■ WORK ORDER
Your copy runs from the line containing "Mapa świata ziemia z krajami" through the last line of the listing, both included. Restate those lines word for word and leave out pictures.
+-------+
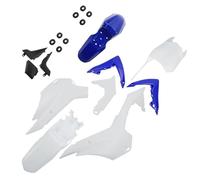 QASULER CRF110 Kits de carrocería carenado plástico Pit Dirt Motor Trail Bike guardabarros for SKY-125cc niños, for MINI Kit de carrocería de carenado completo para motocicleta(Blue and White)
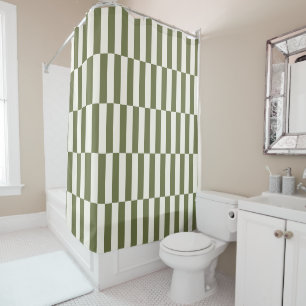 Rideaux De Douche Rayure de couleur personnalisée Milieu du siècle V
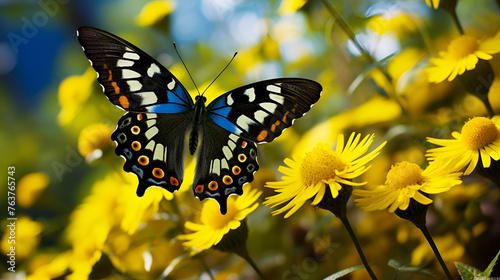 butterfly on yellow flowers Insects Beauty Gardening Natural World Botanical Gardens yellow background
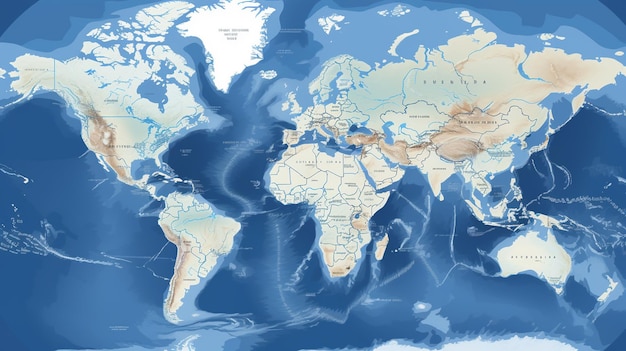 Mapa świata ziemia z krajami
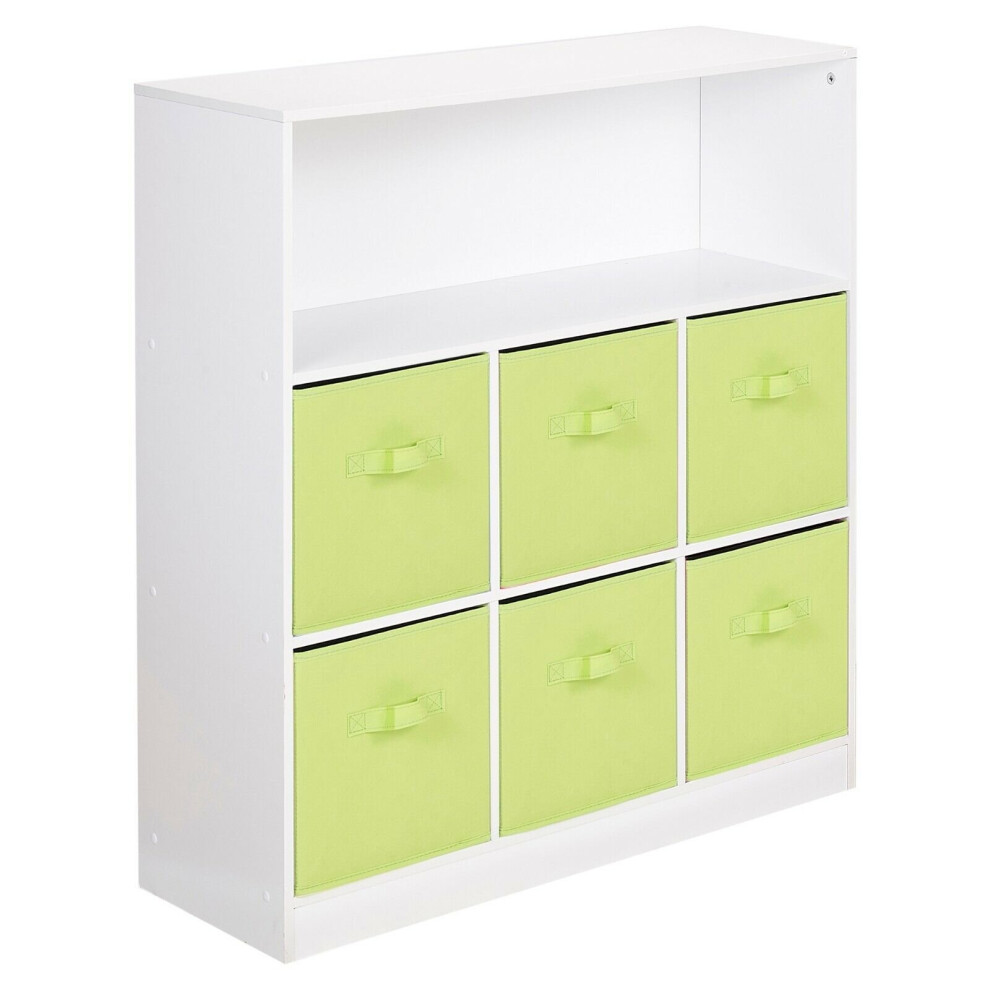 (White, Green) Wooden 7 Cubed Bookcase Units Shelves 6 Drawers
+-------+
■ OUTPUT OF THE EXERCISE
 Mapa świata ziemia z krajami
 (White, Green) Wooden 7 Cubed Bookcase Units Shelves 6 Drawers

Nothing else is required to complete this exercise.